**WHAT IS NEEDED**
Below are the records. Restate word for word every line from the one that contains "17859 West Eugene" through the final line, both included.

[Items from a dataset]
********
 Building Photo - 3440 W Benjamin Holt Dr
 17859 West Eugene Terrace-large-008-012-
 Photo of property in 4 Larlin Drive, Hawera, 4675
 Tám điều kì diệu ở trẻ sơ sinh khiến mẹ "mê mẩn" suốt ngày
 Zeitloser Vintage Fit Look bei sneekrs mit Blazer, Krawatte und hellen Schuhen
********
**EXERCISE ANSWER**
 17859 West Eugene Terrace-large-008-012-
 Photo of property in 4 Larlin Drive, Hawera, 4675
 Tám điều kì diệu ở trẻ sơ sinh khiến mẹ "mê mẩn" suốt ngày
 Zeitloser Vintage Fit Look bei sneekrs mit Blazer, Krawatte und hellen Schuhen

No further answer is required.